What you should do: Your answer should be the lines of the material that include the word "Soft".

Records to use:
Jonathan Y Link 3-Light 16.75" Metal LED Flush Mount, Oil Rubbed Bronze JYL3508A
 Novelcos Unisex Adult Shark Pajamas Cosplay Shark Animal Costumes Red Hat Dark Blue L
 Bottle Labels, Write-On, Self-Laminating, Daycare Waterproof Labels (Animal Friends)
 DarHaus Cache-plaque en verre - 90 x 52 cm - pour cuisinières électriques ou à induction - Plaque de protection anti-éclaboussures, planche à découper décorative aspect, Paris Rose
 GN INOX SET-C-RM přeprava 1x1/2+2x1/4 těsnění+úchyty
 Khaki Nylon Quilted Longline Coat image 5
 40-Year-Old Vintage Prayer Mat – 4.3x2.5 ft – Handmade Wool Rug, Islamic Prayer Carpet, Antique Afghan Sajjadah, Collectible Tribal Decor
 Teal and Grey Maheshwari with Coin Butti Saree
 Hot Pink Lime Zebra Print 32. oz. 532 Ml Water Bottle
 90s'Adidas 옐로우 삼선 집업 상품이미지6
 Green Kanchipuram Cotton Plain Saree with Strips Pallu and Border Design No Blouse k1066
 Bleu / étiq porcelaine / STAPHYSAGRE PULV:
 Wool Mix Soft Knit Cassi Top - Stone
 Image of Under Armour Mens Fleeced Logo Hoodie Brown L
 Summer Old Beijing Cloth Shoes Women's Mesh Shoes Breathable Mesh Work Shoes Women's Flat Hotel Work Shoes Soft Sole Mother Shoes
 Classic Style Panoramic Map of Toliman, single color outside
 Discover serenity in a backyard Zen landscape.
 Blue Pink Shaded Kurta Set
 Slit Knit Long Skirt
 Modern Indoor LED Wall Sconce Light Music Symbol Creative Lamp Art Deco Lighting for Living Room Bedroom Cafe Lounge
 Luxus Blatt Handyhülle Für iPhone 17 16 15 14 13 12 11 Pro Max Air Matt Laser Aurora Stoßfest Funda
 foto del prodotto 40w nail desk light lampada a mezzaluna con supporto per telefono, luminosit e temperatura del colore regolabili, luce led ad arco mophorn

Task result:
 Wool Mix Soft Knit Cassi Top - Stone
 Summer Old Beijing Cloth Shoes Women's Mesh Shoes Breathable Mesh Work Shoes Women's Flat Hotel Work Shoes Soft Sole Mother Shoes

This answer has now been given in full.